Institute of Education Sciences: The cuts at ED disproportionately affected staff at the Institute of Education Sciences, the department’s research arm. The cuts trimmed more than 60% of IES staff. IES evaluates education programs, works to improve outcomes for all students, and is able to paint a picture of how well the U.S. is educating its students. IES plays a critical role in flagging challenges American students face, such as the bullying contributing to the youth mental health crisis.    

For decades, the United States was the world leader in ending deaths of children under five years of age due to preventable disease and malnutrition. U.S. efforts saved millions of children a year and slashed the child death rate from 12.8 million in 1990 to less than 5 million in 2024. Before January 2025, USAID led the world in the promotion of maternal and child health, nutrition, malaria prevention and treatment, HIV prevention and treatment, child protection and primary education. The U.S. spent roughly $4 billion annually on programs that kept vulnerable children alive and healthy. But the Trump Administration’s destruction of USAID has changed all that.

The complete loss of USAID and its world-class staff, and the decline of U.S. foreign assistance overall, has been absolutely devastating for children worldwide. Below are a few of the estimated impacts over the next year:

  • 11,262,264 newborns will no longer receive critical postnatal care within two days of birth.
  • 14,782,398 children will no longer be treated for pneumonia and diarrhea,which are among the top causes of preventable deaths in children under 5.
  • 16,800,000 pregnant women will no longer be reached by life-saving services.
  • 1 million children will no longer be treated for severe acute malnutrition. Before its destruction, USAID supplied half of global nutrition treatment and hunger prevention services and its dissolution has broken  any supply chains that were left to provide ready to use food packets to save the lives of starving children. Last year alone, 28.4 million children under 5 and 11.5 million pregnant women were reached with USAID nutrition-specific interventions.
  • An additional 500,000 children could die as a result of AIDS by 2030, and an additional 1 million could contract HIV if PEPFAR programs continue to be reduced or eliminated. 
  • 6.6 million orphans and vulnerable children previously supported will no longer be fed, in school, or protected from violence and sex trafficking. 
  • The abrupt termination of USAID’s 396 basic education programs in 58 countries leaves millions of child refugees, learners with disabilities, linguistic, ethnic, and religious minorities, and children living in poverty without access to quality education and the protection and hope for the future it provides.

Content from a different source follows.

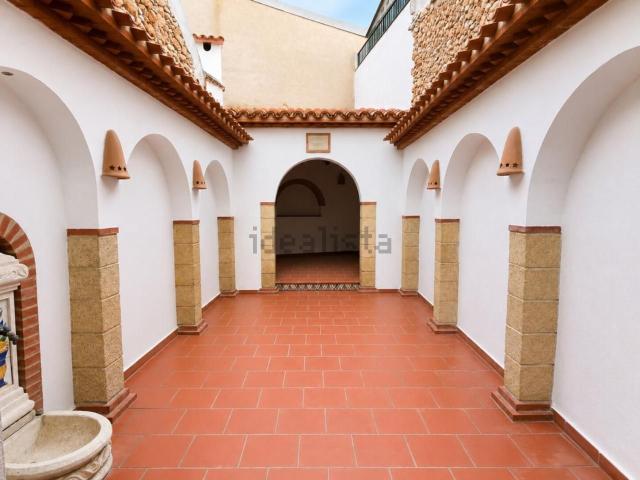 Casa en venta en la Marina Alta, Valencia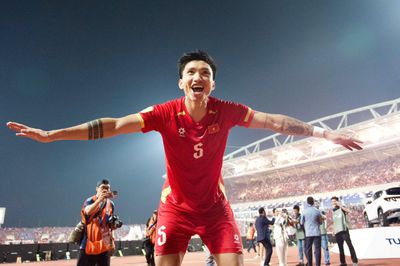 Tâm thư của Văn Hậu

USAID housed the Office of Children in Adversity, which was charged with coordinating foreign assistance for children across the federal government.  The office implemented the whole-of-government and multi-sectoral U.S. strategy to advance care and protection for children around the world and addressed early child development through the Global Child Thrive Act.  USAID also funded early child development efforts such as responsive parenting programs in Cambodia, children living outside of family care, and children with disabilities. 

Cuts at the Department of Labor will include the Bureau of International Labor Affairs (ILAB), whose  mission is to strengthen global labor standards and combat international child labor, forced labor, and human trafficking. Layoffs began following the cancellation  of $500 million in grants that are crucial to eliminating child labor, combating human trafficking, and supporting children at risk of exploitation.  An estimated 160 million children are engaged in child labor, with  an estimated 79 million involved in hazardous labor according to the Child Labor Coalition. Terminated grants included a project in West Africa to stop 10-year-old children from being sent to harvest cacao beans and to end the a practice in Uzbekistan of forcing children to pick cotton.